My great-grandma and I share the same given name. We also share the fact that both of us stopped using our given names. I really loved her, she was a rascally, radical woman, a devious liar, a wonderful storyteller, and a chocolate fanatic. I want to do a series of comics on her life, celebrating who she was, and her connection to me. It feels important as I go on this path of becoming that I say goodbye – and celebrating my great-grandma seems like a great way of saying “thanks for the name, I really appreciated it, but now I’m going to let it go.”
TRANSCRIPT:
Panel 1:
Sam: (A person wearing a blue collared shirt, dark trousers, and is looking directly at the viewer. Eyebrows are raised and mouth is open. Arms are bent up at the elbows, with relaxed hands. Hips are pushed to one side. Aotearoa and Australia are drawn in the background.) I’m proud of who I am & where I’ve come from.
Panel 2:
Sam: (Facing and looking directly at the viewer, with a now unbuttoned shirt. Sam has raised eyebrows, big eyes, and an open mouth with slightly downturned edges. One arm is bent up at the elbow, its hand curled into an almost fist, the other arm is by Sam’s side.) And I am proud to hold your name. This is not a rejection of that.
Panel 3:
Sam: (Looking directly at the viewer with lowered eyebrows, and an open mouth with downturned edges. One arm is bent up at the elbow, its hand is closed around a finger-sized orange something, pulling it out of Sam’s chest.) But it’s time for me to let you go.
Panel 4:
Sam: (Looking directly at the viewer, with raised eyebrows, and an open mouth, with slightly upturned edges. One arm is being pushed back a little by the force of the yellow matter that is flowing out of Sam’s chest, and the other is obscured by the yellow matter. The yellow matter has inside of it; a row of 5 blue dots, a row of 8 blue dots, 2 blue feathers, 2 blue triangles, a blue rectangle, and 2 blue spirals.) And this is how I want to say Goodbye.

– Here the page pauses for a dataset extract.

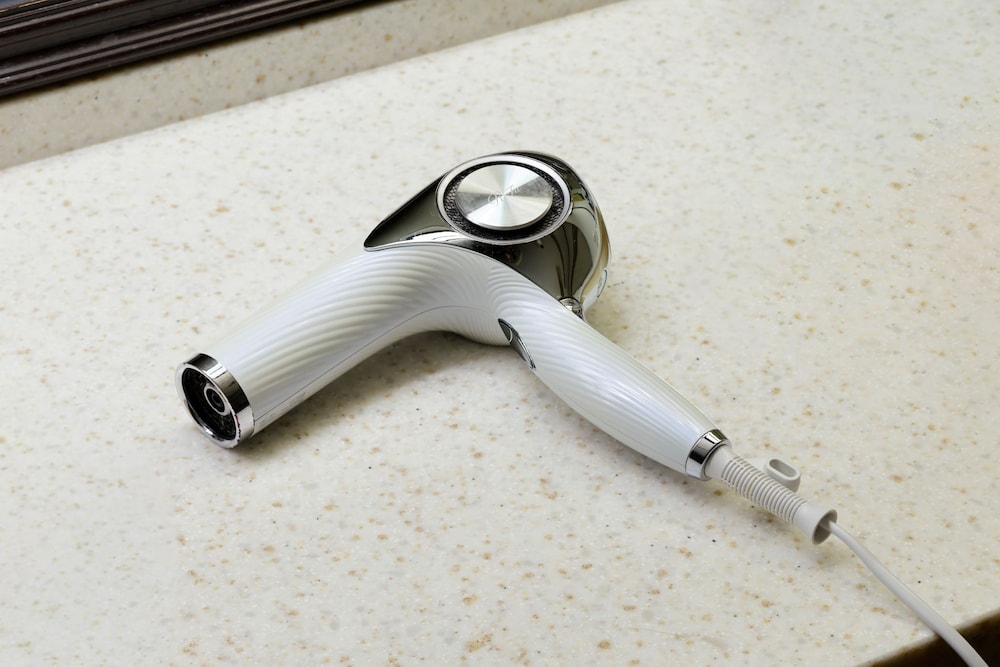 浪漫ツイン (禁煙) 客室8 | 金沢白鳥路 ホテル山楽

Aw, I’m looking forward to reading those.
I lucked out a little… I was Lucretia, and in the end I decided to just become Lucretius. Luc, for short.
Cool, that’s an awesome name! And I think it makes it a bit easier on some levels if you don’t have to change your name too much. I’d been using Sam as a pseudonym for years before I really thought about it’s gendered relevance, and my given name would not ever be able to be transferred to a boyish one, so Sam felt so natural and fitting. Though lately it feels like people keep saying Sam and using female pronouns, which feels hard, so I feel like I need to pull out the “Sam, short for Samuel” line to ensure no confusion.
I was also named after a great-grandma, though I never knew her. It’s a Jewish tradition to name people after dead relatives, so…
But I think when I changed my name my Dad really took it as a rejection of him (since it’s his grandmum I was named after). I haven’t been able to do something to prove to him that that’s not what that is. I think what you’re doing is beautiful.